In South Africa, methaqualone was weaponised by the state as a means of control, while in Sierra Leone, kush has emerged in areas abandoned by the government. In both cases, the effect is the same: a drug-fuelled stasis that deepens despair and maintains a status quo of social neglect.

It’s a pattern where a synthetic depressant materialises in places where no other social or economic medicine exists, sedating not only bodies but resistance and possibility.

Spice in the UK

This pattern of synthetic drugs as a response to social decay is not confined to Africa. In the UK, synthetic drugs such as spicehave become more common over the past decade, especially among homeless people and prisoners. Described as a “zombie drug” for its paralysing effects, spice is often used not for pleasure but to escape hunger, cold and trauma.

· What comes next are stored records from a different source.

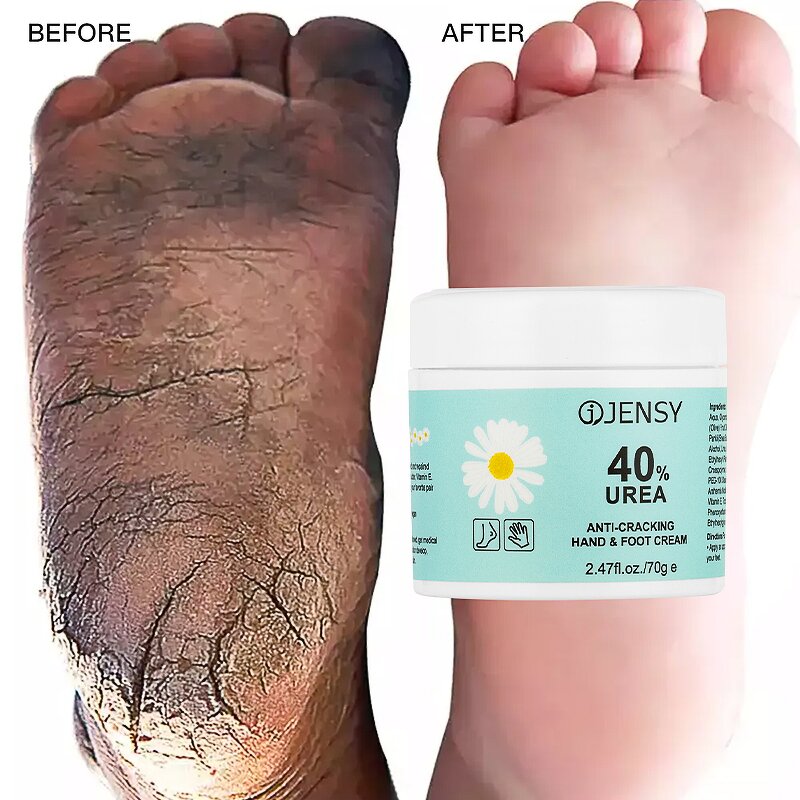 Foot Cream Manufacturer - Cracked Heels Repair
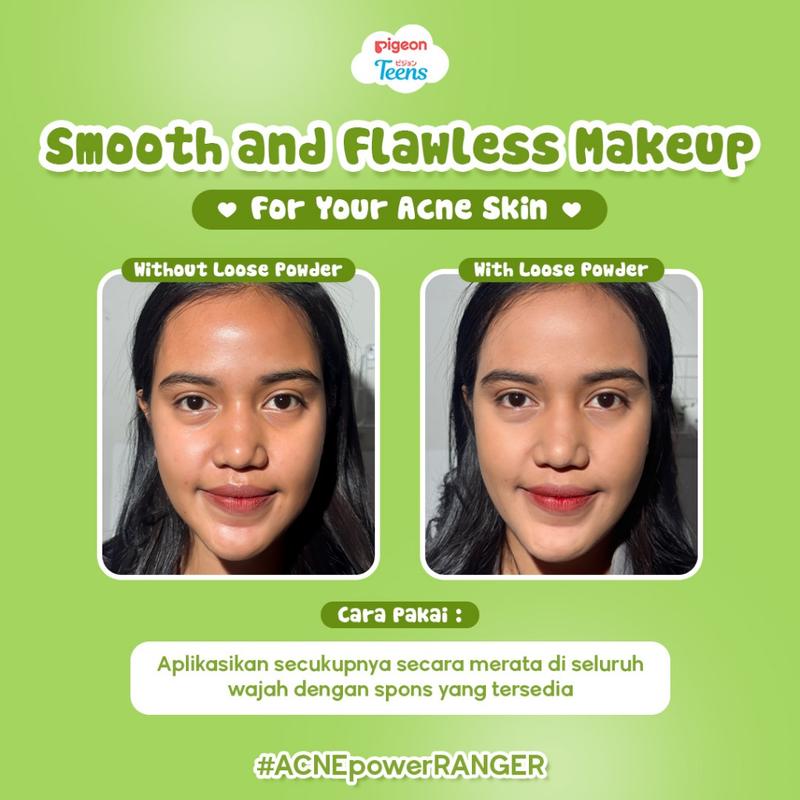 PIGEON TEENS - Loose Powder Bedak Tabur Bedak Remaja Squalane|Acne Ranger|Bright Heroes 5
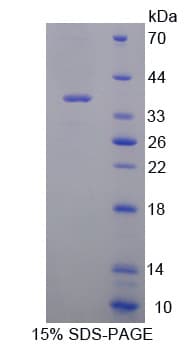 Mouse PCSK1 Protein (Recombinant His-T7)
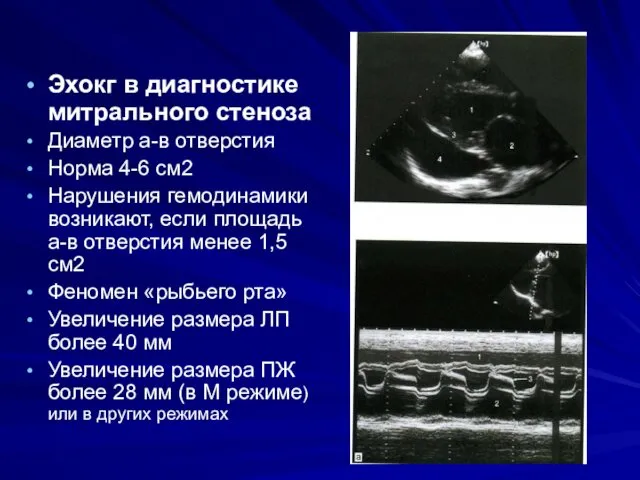 Эхокг в диагностике митрального стеноза Диаметр а-в отверстия Норма 4-6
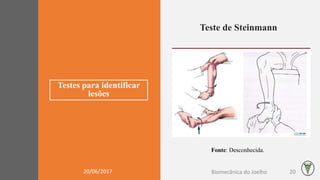 Testes para identificar
lesões
Teste de Steinmann
Fonte: Desconhecida.
20/06/2017 Biomecânica do Joelho 20
 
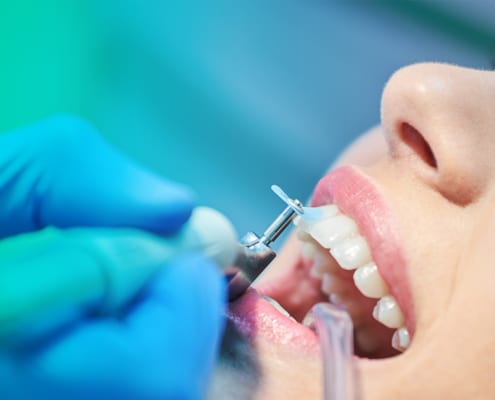 Professional Teeth-cleaning | Lasry Dental Clinic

A 2023 study among the UK’s homeless population found that nearly 70% of participants, aged 18-64, used synthetic drugs such as spice to escape the harsh realities of homelessness. Many reported adverse effects that led to hospitalisation. 

In many British towns and cities, it has become common to see users slumped on pavements or convulsing in parks, echoing the scenes from Sierra Leone’s kush hotspots.

A suspected spice user in Manchester, 2017. Ian Wray/Alamy

This serves as a stark reminder that synthetic drugs are not an isolated issue. They are a global crisis playing out in different forms but with the same underlying causes.

Synthetic drugs like kush, methaqualone and spice are symptoms of deeper systemic failures. They thrive where housing is unstable, unemployment is rampant and healthcare is out of reach. Addressing the crisis requires more than just cracking down on drug use. It demands a radical shift in how we treat the most vulnerable in our society.

In Sierra Leone, this means investing in youth employment, improving nutrition and strengthening mental health services. In the UK, it calls for restoring funding to housing and substance use services, and recognising that stable shelter and social support are fundamental to recovery, not rewards for abstinence.

If we are serious about tackling this problem, we need to move beyond punishment and focus on addressing the root causes of addiction. Only by investing in social care and harm reduction can we hope to break the cycle of sedation and despair.